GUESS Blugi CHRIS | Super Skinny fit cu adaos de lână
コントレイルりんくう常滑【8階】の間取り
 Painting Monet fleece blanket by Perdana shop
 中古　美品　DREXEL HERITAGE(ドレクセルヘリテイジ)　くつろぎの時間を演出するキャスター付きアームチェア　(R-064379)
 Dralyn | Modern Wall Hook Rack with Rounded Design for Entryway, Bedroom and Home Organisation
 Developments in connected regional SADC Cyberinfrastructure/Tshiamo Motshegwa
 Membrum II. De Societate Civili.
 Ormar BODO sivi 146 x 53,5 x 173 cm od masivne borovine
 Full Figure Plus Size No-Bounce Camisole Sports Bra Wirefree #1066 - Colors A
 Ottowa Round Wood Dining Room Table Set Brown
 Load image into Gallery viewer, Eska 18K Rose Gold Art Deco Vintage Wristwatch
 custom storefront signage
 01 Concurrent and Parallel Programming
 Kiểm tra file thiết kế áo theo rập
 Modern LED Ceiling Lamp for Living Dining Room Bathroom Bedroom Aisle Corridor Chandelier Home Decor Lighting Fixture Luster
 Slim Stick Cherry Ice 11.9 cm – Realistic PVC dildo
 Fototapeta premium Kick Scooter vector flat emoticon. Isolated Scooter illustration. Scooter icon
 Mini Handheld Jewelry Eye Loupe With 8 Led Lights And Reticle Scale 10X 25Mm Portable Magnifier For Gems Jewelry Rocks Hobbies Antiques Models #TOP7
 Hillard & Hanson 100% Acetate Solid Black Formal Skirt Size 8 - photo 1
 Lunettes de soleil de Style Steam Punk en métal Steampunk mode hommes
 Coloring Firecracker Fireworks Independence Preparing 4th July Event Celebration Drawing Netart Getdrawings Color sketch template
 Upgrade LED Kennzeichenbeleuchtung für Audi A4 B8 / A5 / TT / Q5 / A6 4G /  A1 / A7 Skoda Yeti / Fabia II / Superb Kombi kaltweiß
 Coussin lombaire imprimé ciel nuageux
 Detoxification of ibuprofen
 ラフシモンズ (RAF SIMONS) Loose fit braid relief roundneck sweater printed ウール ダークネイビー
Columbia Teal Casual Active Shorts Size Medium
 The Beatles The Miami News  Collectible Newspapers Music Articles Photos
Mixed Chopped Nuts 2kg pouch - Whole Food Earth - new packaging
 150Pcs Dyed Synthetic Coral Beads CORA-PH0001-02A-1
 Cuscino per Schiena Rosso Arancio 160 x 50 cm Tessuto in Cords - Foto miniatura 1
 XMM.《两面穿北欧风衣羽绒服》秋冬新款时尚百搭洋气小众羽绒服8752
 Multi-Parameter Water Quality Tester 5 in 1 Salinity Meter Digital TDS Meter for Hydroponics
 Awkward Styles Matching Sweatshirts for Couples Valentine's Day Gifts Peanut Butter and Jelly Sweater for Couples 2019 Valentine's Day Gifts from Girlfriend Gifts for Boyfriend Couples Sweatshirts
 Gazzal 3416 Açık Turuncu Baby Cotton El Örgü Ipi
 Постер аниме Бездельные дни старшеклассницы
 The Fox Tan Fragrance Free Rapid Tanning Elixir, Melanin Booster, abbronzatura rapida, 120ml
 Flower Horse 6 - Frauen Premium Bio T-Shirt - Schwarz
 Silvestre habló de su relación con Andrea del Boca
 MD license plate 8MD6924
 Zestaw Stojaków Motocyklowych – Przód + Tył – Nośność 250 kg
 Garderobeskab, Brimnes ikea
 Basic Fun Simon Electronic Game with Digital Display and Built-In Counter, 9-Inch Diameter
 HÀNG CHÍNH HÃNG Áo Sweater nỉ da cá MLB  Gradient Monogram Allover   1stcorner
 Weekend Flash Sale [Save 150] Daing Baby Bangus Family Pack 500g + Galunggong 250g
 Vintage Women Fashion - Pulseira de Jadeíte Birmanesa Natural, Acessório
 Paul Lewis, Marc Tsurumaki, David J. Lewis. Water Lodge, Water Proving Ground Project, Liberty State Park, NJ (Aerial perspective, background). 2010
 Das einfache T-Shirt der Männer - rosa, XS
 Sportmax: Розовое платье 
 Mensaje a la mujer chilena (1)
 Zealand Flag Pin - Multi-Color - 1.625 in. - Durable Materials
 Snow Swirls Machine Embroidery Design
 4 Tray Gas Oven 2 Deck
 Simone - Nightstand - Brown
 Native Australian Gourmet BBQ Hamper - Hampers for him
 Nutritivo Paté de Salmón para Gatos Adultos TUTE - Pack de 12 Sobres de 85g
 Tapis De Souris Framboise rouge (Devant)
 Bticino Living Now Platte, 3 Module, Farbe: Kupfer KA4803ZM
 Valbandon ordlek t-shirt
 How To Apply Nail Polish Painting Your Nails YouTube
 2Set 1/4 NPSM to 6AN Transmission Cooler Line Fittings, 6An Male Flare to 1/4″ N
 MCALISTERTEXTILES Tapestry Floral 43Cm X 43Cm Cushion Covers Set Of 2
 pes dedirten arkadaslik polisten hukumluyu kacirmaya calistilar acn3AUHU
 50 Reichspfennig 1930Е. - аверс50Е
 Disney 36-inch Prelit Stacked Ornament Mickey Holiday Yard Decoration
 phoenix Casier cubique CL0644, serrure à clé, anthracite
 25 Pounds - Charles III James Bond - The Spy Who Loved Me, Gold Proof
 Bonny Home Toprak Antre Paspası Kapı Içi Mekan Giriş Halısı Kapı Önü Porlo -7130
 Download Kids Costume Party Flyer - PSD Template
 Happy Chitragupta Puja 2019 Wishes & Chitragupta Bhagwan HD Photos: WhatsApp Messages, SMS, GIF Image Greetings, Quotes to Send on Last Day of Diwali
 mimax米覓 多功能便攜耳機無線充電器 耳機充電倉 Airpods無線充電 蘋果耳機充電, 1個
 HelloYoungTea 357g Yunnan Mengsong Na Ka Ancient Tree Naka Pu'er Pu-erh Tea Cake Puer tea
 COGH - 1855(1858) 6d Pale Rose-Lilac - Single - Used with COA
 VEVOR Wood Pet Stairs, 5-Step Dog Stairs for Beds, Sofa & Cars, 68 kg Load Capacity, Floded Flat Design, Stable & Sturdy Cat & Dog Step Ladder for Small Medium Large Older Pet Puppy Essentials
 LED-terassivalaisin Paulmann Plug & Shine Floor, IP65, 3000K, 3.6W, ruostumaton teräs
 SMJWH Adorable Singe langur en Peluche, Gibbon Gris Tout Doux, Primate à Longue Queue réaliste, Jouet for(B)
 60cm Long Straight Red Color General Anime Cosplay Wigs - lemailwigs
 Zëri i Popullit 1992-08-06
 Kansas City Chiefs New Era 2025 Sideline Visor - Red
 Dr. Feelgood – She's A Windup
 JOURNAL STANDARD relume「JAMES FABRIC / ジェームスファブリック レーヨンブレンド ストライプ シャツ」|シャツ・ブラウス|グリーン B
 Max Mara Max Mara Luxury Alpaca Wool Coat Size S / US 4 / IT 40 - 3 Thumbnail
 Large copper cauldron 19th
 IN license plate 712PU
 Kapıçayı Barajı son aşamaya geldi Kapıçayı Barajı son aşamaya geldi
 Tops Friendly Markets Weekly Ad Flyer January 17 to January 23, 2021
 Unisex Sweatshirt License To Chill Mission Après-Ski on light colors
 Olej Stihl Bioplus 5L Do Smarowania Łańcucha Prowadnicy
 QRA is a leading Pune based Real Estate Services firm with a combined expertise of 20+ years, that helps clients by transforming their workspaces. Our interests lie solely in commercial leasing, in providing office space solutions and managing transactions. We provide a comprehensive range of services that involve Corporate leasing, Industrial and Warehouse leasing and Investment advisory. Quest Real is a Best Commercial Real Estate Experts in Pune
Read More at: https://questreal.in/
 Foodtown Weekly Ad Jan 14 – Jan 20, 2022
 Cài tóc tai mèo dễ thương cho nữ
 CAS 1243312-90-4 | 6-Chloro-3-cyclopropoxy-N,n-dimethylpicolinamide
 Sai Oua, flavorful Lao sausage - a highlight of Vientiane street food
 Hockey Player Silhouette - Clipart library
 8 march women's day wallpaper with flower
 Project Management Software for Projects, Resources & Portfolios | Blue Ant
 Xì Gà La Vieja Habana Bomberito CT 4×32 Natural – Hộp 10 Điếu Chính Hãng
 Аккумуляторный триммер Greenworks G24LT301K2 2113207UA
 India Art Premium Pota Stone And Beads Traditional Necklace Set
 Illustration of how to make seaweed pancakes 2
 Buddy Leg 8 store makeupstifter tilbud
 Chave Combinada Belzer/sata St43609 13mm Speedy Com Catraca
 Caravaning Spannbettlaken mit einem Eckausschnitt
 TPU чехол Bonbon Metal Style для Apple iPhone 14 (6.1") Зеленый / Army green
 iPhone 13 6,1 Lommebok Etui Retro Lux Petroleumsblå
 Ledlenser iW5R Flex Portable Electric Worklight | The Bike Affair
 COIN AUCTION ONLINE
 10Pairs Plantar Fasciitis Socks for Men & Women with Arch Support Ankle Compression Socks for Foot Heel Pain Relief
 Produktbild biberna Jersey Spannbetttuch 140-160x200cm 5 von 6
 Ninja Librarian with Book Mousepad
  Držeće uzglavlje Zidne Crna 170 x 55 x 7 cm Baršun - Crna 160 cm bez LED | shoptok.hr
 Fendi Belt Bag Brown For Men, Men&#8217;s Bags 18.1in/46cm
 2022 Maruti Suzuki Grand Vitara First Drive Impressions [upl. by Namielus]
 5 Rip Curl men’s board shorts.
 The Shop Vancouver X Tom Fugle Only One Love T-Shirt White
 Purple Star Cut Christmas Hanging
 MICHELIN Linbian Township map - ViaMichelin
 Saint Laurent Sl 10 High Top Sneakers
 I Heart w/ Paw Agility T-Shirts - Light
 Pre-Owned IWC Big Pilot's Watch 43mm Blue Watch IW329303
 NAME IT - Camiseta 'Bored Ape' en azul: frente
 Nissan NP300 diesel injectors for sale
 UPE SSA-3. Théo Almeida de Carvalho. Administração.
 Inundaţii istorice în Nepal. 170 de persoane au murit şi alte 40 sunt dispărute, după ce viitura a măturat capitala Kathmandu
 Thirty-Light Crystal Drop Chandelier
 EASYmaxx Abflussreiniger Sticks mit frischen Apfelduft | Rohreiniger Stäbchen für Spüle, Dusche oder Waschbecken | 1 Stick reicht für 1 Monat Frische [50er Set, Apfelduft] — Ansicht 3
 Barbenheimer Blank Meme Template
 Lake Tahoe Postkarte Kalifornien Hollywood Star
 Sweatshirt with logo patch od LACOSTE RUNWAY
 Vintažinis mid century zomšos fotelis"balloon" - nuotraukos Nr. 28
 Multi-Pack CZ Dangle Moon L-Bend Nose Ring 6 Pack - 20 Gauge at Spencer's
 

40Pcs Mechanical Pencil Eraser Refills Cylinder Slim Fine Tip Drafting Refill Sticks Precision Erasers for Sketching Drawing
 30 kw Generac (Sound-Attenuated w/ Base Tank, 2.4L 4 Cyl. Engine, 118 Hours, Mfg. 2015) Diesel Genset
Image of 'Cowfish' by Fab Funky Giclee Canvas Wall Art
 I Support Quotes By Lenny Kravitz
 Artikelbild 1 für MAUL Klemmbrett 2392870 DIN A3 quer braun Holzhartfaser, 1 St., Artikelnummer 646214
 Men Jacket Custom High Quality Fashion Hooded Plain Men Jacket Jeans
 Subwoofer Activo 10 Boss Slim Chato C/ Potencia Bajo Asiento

::::

• WORK REQUEST
If a line comes after the one with "Dralyn | Modern", leave it out; reproduce exactly every line of the material from the first up to and including that one.

• THE ANSWER
GUESS Blugi CHRIS | Super Skinny fit cu adaos de lână
コントレイルりんくう常滑【8階】の間取り
 Painting Monet fleece blanket by Perdana shop
 中古　美品　DREXEL HERITAGE(ドレクセルヘリテイジ)　くつろぎの時間を演出するキャスター付きアームチェア　(R-064379)
 Dralyn | Modern Wall Hook Rack with Rounded Design for Entryway, Bedroom and Home Organisation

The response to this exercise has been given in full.